# Women and the 180 questions....



## constantlywaiting (Aug 28, 2013)

I have been reading these forums for days and I have a question regarding the 180.

We have not discussed divorce recently, but the old behaviors of the past are still around. No affection, sex, he is an alcoholic, etc. I want to do the 180 and just distance myself from the relationship because I KNOW that these behaviors are not going to change.

Here is the question. As the wife do you still continue to cook supper and clean the house like normal? If you have not said to the spouse "I am considering divorce because of A,b and C, how do you not say the obligatory I love you in the morning and at night?

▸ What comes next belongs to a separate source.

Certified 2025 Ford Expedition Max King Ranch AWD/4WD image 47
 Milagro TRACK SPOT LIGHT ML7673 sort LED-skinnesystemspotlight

I know that once I start with this he is going to question my about why and once I tell him the a's, b's and c's again it is going to blow up.

I don't want to fight. Been there done that, just want to distance myself the best that I can and then when I KNOW for sure that I am ready to leave, leave. I guess some of you would call me a WAW because he sits over in la la land and ignores all of the signs. But whatever.


----------



## PBear (Nov 16, 2010)

I don't think anyone besides your husband (and his friends, who listen to his comments) would call you a WAW. 

C
_Posted via Mobile Device_


----------



## ScrambledEggs (Jan 14, 2014)

constantlywaiting said:


> I have been reading these forums for days and I have a question regarding the 180.
> 
> We have not discussed divorce recently, but the old behaviors of the past are still around. No affection, sex, he is an alcoholic, etc. I want to do the 180 and just distance myself from the relationship because I KNOW that these behaviors are not going to change.
> 
> ...


Here's the thing. You are done with him. You don't want to work on it, or rather feel it is hopeless and simply wasted effort to try. It sounds like you have put work into it in the past so I don't think anyone will second guess you in that.

What you are doing is starting a process where you detach and destroy your emotions with your husband to prepare youself to leave him. Thats it-- you have already made the rational choice to end your marriage you just need to get your head fully around it. 

And I seem to detect a hint of hope or at least the need to feel like you tried everything and not just walk away. At least you "want to know for sure".

A lot of spouses have a change in heart--a sort of wake up-- once you have been served with divorce papers. Its like a bucket of cold water in the face and your husband may well respond in this way. Destroying all attachment and affection you have for him is a necessary step in coping with neglect and abuse. The problem is if you wait till then to start the divorce process, any 'come to jesus' moment he has will be too little too late.

So what I am saying is that the best thing you can do to save your marriage is to file for divorce as soon as possible. If your marriage really is over, the best thing you can do is file as soon as possible. File.

Edit:
To answer your direct question, If you are set on suffering in silence for a few extra months (like I did), I'd say you can keep doing the chores as long as the family workload is divided to your satisfaction. If not, set boundaries to fix that so you are not just being used. I don't get that vibe from you but that would be the only reason to stop doing them so long as you stay married.

Good Luck,


----------



## bandit.45 (Feb 8, 2012)

I'm a recovering alcoholic and I would tell you that your husbands alcoholism, like any destructive addiction, is worthy of divorcing over. I know that I would not subject myself on any woman and you should not have to subject yourself to his alcohol fueled madness. 

And no, don't cook for him. He's a big boy and he can cook for himself. You are not his slave.
_Posted via Mobile Device_


----------